ExtendScript Support: 6/28/09

2009-07-02

Today in History — Sorting Paragraphs with Leading Dates

At the site I’m at today, a comment was made about sorting a group of paragraphs from the syndicated Today in History column that is frequently used in newspapers. The way that column is sent across the wire, the lead paragraph has one element form some point in history. But the site I’m at, they want to combine that particular paragraph with the rest of items. But they need to sort them. The problem with them is they have some dates which are B.C. dates and all B.C. dates actually appear before all non B.C. dates. For if the we were to sort these dates in date order they should appear this way:

319 B.C.: Something happened.
57: Something happened in the middle of those dates.
1976: Something else happened.
2001: The last important thing happened.

If these strings are placed in a normal ECMA Script, JavaScript, or ExtendScript array, and sorted with the standard .sort() method, they would get sorted as string and alphabetically they would sort into this order:

1976: Something else happened.
2001: The last important thing happened.
319 B.C.: Something happened.
57: Something happened in the middle of those dates.

And, while that is sorted alphabetically, it isn't sorted numerically, let alone sorted by date.

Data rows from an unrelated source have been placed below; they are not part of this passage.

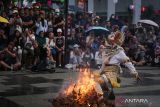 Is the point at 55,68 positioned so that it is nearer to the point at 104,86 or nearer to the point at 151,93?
the point at 151,93

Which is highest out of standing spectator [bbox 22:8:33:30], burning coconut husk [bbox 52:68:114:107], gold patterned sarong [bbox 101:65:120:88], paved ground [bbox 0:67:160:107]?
standing spectator [bbox 22:8:33:30]

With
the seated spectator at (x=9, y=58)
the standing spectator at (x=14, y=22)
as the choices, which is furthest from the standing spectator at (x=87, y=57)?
the seated spectator at (x=9, y=58)

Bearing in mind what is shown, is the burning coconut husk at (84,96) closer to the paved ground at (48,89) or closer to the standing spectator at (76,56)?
the paved ground at (48,89)

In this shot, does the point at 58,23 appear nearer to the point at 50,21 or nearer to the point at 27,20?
the point at 50,21

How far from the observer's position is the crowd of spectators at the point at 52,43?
731 inches

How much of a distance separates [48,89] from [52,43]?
6.10 m

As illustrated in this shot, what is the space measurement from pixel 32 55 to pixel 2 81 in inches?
145

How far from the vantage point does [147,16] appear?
151 ft

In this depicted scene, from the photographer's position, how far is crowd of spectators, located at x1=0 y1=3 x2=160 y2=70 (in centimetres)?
1858

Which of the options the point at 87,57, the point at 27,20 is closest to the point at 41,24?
the point at 27,20

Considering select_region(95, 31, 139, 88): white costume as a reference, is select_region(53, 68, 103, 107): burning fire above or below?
below

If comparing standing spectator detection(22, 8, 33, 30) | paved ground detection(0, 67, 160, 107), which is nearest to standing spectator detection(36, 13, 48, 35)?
standing spectator detection(22, 8, 33, 30)

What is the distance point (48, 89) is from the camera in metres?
13.7

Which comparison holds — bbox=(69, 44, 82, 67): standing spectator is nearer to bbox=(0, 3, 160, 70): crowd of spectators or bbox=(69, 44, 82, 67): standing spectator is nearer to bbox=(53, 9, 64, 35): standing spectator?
bbox=(0, 3, 160, 70): crowd of spectators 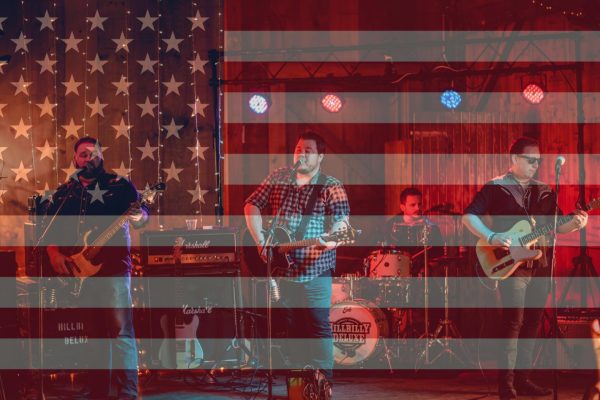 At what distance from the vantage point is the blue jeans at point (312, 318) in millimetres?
6082

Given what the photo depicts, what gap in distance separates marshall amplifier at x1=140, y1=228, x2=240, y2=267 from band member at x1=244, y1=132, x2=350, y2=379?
5.10ft

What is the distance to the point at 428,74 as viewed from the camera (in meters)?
11.1

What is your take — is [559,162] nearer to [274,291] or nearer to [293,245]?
[293,245]

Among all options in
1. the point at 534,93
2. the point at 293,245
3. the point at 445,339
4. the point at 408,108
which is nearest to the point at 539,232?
the point at 293,245

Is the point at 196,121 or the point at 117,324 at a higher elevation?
the point at 196,121

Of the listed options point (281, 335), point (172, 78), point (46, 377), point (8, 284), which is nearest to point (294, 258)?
point (281, 335)

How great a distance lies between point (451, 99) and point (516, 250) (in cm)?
594

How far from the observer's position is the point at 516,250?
20.1ft

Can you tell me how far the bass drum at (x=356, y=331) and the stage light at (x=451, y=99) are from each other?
4379 mm

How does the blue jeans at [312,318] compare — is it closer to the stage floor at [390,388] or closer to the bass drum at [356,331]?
the stage floor at [390,388]

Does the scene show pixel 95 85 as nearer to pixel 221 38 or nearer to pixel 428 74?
pixel 221 38

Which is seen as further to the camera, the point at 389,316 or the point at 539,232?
the point at 389,316

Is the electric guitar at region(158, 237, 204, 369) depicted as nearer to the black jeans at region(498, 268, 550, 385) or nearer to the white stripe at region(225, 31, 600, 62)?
the black jeans at region(498, 268, 550, 385)

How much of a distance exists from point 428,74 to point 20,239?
18.6 ft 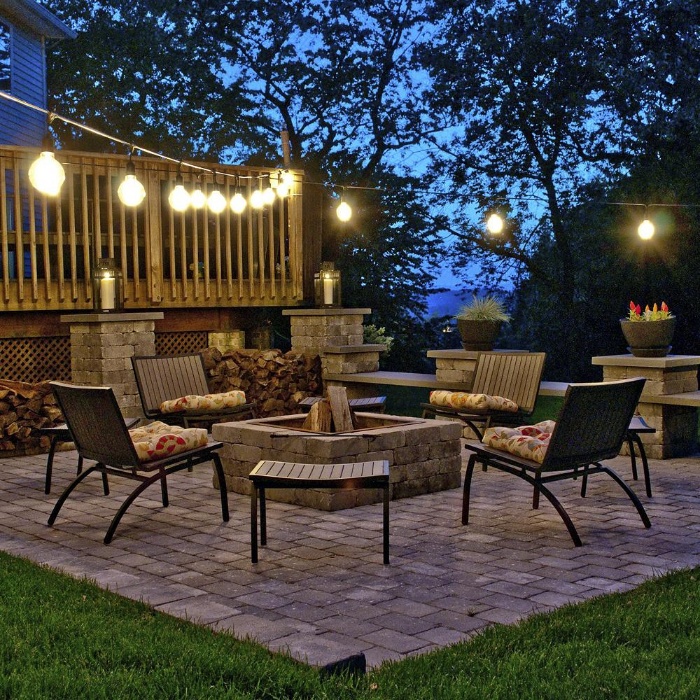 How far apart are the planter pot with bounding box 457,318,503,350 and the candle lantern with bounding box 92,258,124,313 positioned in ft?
12.2

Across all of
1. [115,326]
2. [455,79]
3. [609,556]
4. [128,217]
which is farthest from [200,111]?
[609,556]

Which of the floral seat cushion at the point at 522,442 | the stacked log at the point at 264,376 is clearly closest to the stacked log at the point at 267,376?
the stacked log at the point at 264,376

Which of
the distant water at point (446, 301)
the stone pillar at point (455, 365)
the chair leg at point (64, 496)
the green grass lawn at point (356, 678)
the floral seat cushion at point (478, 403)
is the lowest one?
the green grass lawn at point (356, 678)

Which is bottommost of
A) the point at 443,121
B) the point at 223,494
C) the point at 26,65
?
the point at 223,494

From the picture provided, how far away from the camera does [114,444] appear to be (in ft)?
18.0

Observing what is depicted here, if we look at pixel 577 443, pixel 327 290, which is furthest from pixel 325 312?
pixel 577 443

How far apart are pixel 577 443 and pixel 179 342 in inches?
311

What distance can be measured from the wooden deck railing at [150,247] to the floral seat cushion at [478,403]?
476cm

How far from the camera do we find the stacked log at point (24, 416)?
8352 mm

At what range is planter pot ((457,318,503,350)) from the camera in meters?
9.63

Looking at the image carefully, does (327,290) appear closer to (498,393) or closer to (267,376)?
(267,376)

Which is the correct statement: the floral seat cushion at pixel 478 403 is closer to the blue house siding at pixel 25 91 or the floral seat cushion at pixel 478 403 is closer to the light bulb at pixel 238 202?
the light bulb at pixel 238 202

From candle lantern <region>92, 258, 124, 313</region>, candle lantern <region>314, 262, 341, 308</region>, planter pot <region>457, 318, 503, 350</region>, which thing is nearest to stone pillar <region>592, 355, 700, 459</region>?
planter pot <region>457, 318, 503, 350</region>

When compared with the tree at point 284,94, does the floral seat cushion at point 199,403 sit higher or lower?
lower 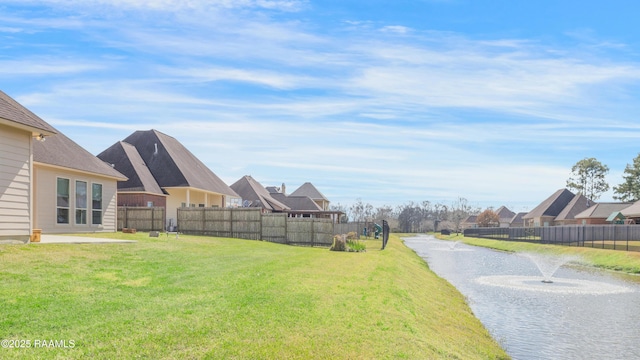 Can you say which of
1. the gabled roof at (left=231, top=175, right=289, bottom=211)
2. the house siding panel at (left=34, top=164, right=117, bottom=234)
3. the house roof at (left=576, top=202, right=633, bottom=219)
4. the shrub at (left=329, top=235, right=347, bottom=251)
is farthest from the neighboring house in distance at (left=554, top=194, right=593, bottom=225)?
the house siding panel at (left=34, top=164, right=117, bottom=234)

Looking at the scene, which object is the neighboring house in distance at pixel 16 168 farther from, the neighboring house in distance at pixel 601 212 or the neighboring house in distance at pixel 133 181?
the neighboring house in distance at pixel 601 212

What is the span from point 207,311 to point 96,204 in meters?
17.9

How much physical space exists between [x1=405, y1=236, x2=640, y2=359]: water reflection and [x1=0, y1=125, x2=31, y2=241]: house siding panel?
1460 cm

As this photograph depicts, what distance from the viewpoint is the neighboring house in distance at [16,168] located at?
16.0 meters

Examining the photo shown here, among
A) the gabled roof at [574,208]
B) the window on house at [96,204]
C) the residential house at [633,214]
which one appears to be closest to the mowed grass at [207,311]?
the window on house at [96,204]

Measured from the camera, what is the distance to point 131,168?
36.3 m

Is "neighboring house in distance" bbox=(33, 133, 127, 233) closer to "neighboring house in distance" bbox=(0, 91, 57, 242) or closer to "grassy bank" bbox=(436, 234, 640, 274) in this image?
"neighboring house in distance" bbox=(0, 91, 57, 242)

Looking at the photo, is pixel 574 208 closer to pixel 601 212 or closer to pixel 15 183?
pixel 601 212

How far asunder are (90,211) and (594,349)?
837 inches

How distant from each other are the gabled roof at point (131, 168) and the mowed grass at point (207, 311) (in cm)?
1826

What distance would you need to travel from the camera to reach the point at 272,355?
8102 mm

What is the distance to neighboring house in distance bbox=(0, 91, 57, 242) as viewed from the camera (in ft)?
52.4

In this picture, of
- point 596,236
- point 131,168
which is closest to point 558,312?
point 131,168

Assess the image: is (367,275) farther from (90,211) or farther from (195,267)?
(90,211) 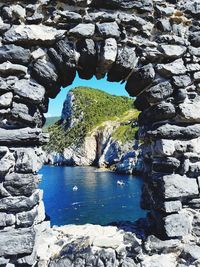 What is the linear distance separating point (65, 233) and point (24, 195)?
1.09 m

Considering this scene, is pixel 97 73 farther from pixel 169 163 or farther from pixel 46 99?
pixel 169 163

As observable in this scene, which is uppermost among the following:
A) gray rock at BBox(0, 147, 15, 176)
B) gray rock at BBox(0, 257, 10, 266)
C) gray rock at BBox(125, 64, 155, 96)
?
gray rock at BBox(125, 64, 155, 96)

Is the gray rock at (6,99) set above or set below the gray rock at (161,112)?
above

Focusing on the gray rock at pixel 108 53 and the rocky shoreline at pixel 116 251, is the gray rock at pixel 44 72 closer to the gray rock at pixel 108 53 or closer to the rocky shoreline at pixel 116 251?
the gray rock at pixel 108 53

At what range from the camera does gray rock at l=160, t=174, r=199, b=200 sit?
3785 millimetres

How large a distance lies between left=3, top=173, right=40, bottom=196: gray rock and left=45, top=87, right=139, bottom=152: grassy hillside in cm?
5596

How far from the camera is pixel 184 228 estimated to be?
3.83 metres

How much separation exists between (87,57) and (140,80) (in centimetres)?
80

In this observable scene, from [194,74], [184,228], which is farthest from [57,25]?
[184,228]

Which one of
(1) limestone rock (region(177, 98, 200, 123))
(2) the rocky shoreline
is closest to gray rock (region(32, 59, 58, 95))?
(1) limestone rock (region(177, 98, 200, 123))

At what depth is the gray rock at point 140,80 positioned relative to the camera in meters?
3.93

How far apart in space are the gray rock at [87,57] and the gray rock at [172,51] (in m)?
0.93

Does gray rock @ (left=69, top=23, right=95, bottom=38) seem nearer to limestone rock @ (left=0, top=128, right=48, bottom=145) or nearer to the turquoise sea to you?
limestone rock @ (left=0, top=128, right=48, bottom=145)

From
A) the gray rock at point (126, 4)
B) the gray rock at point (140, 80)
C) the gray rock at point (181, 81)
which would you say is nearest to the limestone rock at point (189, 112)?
the gray rock at point (181, 81) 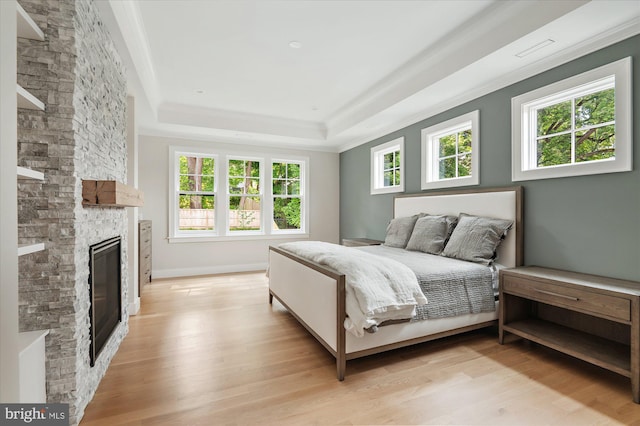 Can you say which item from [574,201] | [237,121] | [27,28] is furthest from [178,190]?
[574,201]

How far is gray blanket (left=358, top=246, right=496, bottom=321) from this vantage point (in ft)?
7.73

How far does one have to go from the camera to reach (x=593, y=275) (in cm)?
236

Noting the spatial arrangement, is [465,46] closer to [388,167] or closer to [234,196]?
[388,167]

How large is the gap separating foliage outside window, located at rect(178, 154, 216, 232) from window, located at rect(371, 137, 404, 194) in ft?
9.54

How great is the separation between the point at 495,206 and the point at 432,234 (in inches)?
27.1

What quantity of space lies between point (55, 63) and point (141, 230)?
2753mm

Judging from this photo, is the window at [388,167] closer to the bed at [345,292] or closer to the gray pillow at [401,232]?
the gray pillow at [401,232]

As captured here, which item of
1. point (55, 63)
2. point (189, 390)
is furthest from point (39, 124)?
point (189, 390)

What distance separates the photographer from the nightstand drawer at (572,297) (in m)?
1.85

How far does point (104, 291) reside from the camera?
218cm

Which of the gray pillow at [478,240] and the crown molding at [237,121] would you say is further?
the crown molding at [237,121]

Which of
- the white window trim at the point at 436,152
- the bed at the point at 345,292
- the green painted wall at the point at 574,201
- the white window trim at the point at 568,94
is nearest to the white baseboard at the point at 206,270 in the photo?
the bed at the point at 345,292

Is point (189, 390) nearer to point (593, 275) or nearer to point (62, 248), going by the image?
point (62, 248)

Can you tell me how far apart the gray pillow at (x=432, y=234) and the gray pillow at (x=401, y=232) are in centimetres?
20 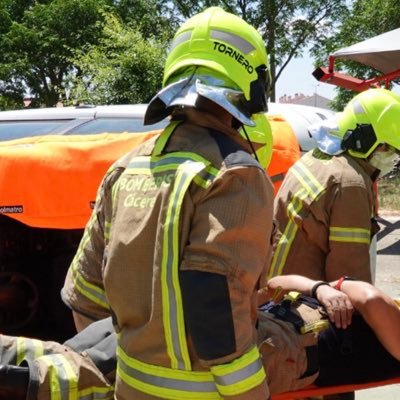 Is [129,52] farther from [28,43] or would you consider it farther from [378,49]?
[28,43]

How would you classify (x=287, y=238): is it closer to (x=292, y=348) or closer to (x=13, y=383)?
(x=292, y=348)

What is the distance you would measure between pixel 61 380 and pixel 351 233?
1.39 metres

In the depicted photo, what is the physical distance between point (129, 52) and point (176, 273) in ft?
39.7

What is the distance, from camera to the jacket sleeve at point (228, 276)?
1.54 metres

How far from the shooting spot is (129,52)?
13188mm

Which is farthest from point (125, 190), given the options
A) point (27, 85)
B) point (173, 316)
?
point (27, 85)

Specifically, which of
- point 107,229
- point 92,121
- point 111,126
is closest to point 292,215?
point 107,229

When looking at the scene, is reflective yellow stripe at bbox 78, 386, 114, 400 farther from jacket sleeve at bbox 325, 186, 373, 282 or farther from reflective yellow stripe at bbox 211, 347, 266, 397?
jacket sleeve at bbox 325, 186, 373, 282

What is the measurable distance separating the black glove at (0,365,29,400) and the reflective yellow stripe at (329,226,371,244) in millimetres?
1433

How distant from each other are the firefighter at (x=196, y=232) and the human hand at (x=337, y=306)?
26.1 inches

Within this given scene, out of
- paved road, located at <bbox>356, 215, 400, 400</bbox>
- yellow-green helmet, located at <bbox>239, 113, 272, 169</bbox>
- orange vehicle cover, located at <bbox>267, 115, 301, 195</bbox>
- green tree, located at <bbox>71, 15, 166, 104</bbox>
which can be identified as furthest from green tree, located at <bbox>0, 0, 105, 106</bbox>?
yellow-green helmet, located at <bbox>239, 113, 272, 169</bbox>

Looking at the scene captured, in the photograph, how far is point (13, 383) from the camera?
178 cm

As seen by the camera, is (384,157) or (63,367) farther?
(384,157)

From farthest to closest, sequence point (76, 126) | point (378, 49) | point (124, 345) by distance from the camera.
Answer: point (378, 49) → point (76, 126) → point (124, 345)
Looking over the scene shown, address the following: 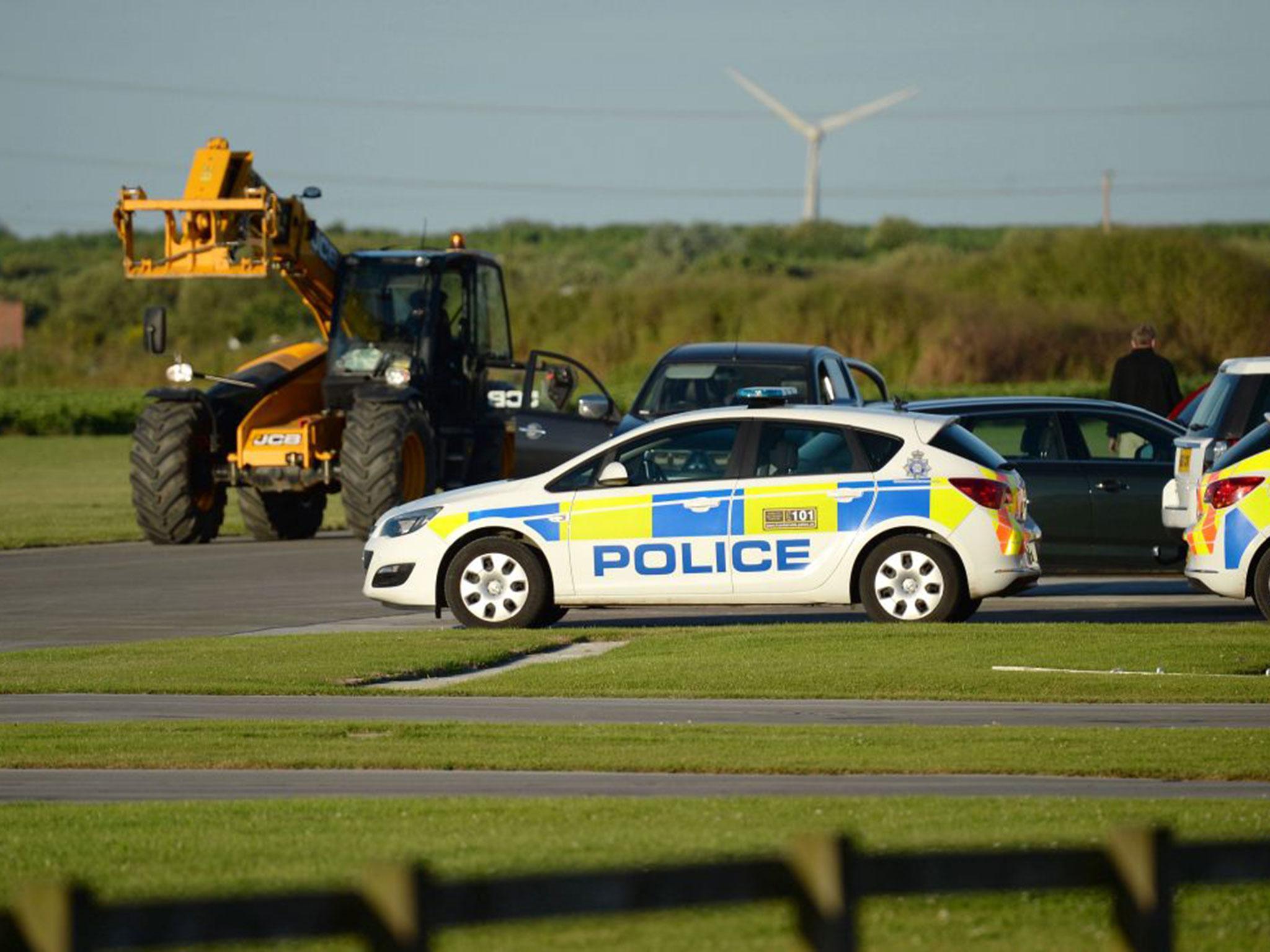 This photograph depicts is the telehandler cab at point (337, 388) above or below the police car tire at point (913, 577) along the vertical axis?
above

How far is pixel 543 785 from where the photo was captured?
10406mm

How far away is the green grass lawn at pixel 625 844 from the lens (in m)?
6.94

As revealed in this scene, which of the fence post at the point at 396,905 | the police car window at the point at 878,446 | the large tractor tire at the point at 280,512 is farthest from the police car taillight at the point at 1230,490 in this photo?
the large tractor tire at the point at 280,512

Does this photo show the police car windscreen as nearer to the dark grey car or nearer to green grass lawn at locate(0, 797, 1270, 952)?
the dark grey car

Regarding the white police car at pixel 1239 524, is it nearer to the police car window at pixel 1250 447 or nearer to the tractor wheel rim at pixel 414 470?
the police car window at pixel 1250 447

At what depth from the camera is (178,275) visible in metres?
24.3

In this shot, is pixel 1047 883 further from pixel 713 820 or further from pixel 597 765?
pixel 597 765

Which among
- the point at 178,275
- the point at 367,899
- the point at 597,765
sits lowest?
the point at 597,765

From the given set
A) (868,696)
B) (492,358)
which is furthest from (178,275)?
(868,696)

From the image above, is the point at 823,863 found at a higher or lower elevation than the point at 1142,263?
lower

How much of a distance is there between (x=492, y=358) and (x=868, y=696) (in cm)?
1379

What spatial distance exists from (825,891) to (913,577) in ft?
38.7

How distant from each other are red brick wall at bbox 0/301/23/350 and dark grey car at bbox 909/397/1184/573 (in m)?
67.9

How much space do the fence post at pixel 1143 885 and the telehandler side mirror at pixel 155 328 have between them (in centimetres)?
1936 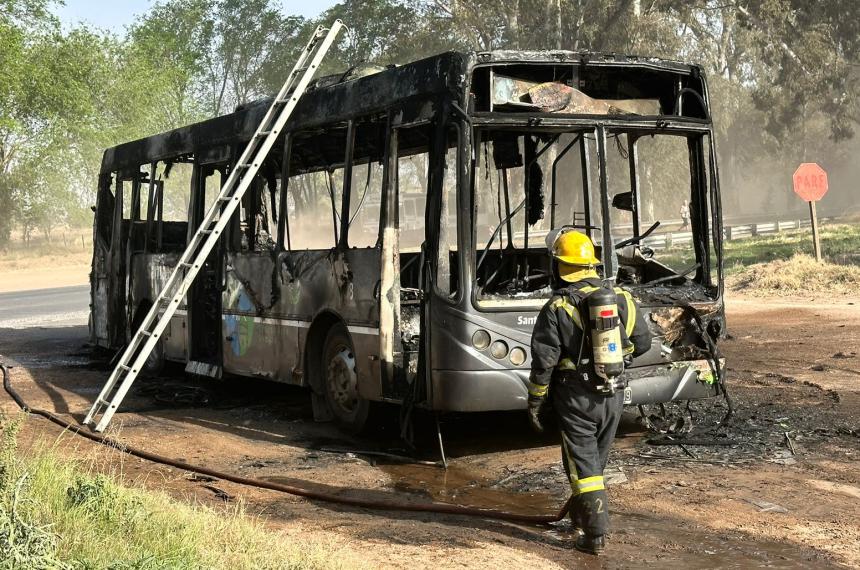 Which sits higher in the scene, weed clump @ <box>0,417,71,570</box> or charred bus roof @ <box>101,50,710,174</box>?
charred bus roof @ <box>101,50,710,174</box>

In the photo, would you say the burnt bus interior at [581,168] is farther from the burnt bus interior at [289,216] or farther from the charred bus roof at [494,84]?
the burnt bus interior at [289,216]

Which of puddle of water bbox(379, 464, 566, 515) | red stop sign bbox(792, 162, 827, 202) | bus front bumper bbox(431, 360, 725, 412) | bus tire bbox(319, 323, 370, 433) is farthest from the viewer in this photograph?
red stop sign bbox(792, 162, 827, 202)

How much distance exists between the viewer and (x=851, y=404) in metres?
10.2

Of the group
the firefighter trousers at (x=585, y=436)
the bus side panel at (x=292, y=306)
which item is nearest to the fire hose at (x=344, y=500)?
the firefighter trousers at (x=585, y=436)

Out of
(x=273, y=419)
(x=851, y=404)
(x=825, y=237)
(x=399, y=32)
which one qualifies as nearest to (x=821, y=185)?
(x=825, y=237)

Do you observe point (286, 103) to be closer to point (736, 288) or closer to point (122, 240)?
point (122, 240)

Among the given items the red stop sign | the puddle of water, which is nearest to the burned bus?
the puddle of water

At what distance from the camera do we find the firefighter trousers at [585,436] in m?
6.12

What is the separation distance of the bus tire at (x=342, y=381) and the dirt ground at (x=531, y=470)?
0.68 ft

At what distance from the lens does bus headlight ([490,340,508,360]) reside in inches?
325

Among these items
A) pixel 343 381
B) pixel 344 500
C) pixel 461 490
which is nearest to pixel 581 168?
pixel 343 381

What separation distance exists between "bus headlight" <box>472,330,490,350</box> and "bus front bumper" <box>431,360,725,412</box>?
0.18m

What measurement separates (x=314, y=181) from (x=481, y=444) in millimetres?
3275

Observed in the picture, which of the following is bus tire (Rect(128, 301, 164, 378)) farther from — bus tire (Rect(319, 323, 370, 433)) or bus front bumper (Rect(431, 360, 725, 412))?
bus front bumper (Rect(431, 360, 725, 412)) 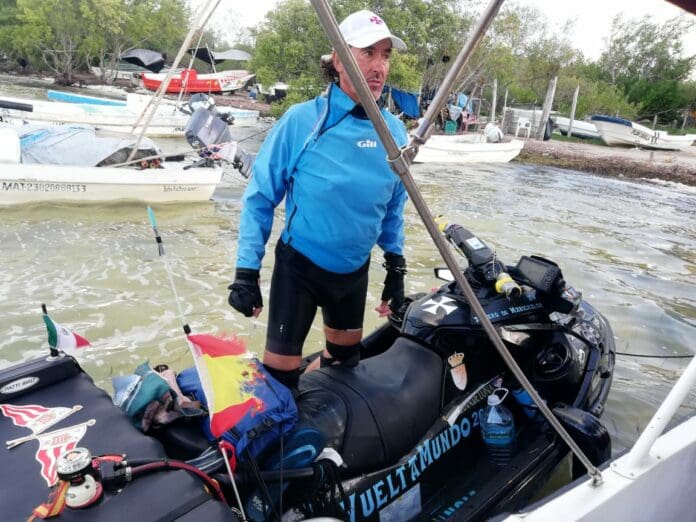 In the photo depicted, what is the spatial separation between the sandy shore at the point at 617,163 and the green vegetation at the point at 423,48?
372cm

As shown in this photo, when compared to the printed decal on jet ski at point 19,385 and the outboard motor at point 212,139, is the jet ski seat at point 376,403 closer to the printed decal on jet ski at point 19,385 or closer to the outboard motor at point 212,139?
the printed decal on jet ski at point 19,385

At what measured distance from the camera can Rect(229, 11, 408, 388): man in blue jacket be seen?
1.98m

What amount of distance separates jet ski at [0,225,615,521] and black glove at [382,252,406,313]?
0.07 m

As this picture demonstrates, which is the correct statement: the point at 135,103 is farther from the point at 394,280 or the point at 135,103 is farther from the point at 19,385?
the point at 19,385

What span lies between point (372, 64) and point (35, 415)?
5.54ft

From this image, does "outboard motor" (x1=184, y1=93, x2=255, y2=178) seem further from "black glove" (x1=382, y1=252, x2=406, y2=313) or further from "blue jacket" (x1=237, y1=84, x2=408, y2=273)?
"blue jacket" (x1=237, y1=84, x2=408, y2=273)

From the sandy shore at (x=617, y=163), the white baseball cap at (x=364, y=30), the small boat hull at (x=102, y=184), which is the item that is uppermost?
the white baseball cap at (x=364, y=30)

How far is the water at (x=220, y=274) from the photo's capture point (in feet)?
13.0

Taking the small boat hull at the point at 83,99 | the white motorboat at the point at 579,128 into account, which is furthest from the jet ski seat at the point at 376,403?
the white motorboat at the point at 579,128

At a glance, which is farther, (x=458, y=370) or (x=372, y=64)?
(x=458, y=370)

If we could grab the first word, or first number, we could then sort it numerically by converting the first word to a number and sorting numerically. That is actually quite easy. But if we did that, then this list would be sorted in this order:

57: Something happened in the middle of those dates.
319 B.C.: Something happened.
1976: Something else happened.

2001: The last important thing happened.

Here again, this isn't quite right. The 319 is a B.C. date. Thus, it should appear first, not second.

To solve the problem, I created a user sort function to change the way the .sort() method works. The function is below...

var unsorted = String ( '1964: something\r350 B.C.: more text\r1756: text.\r319 bc: stuff\r1500 no colon').split('\r') ;

var sortedWrong = String ( '1964: something\r350 B.C.: more text\r1756: text.\r319 bc: stuff\r1500 no colon').split('\r').sort() ;

var sortedCorrectly = String ( '1964: something\r350 B.C.: more text\r1756: text.\r319 bc: stuff\r1500 no colon').split('\r').sort(sortStringsWithLeadingDate) ;

function sortStringsWithLeadingDate (arg1,arg2) {

//-------------------------------------------------------------------------

//-- S O R T S T R I N G S W I T H L E A D I N G D A T E

//-------------------------------------------------------------------------

//-- Generic: Yes. ECMA Script, JavaScript, ExtendScript

//-------------------------------------------------------------------------

//-- Purpose: This is a helper function to sort the elements of an aray

//-- such those created from an array of paragraphs from stories such

//-- as 'Today in History' -- a column frequently run in newspapers.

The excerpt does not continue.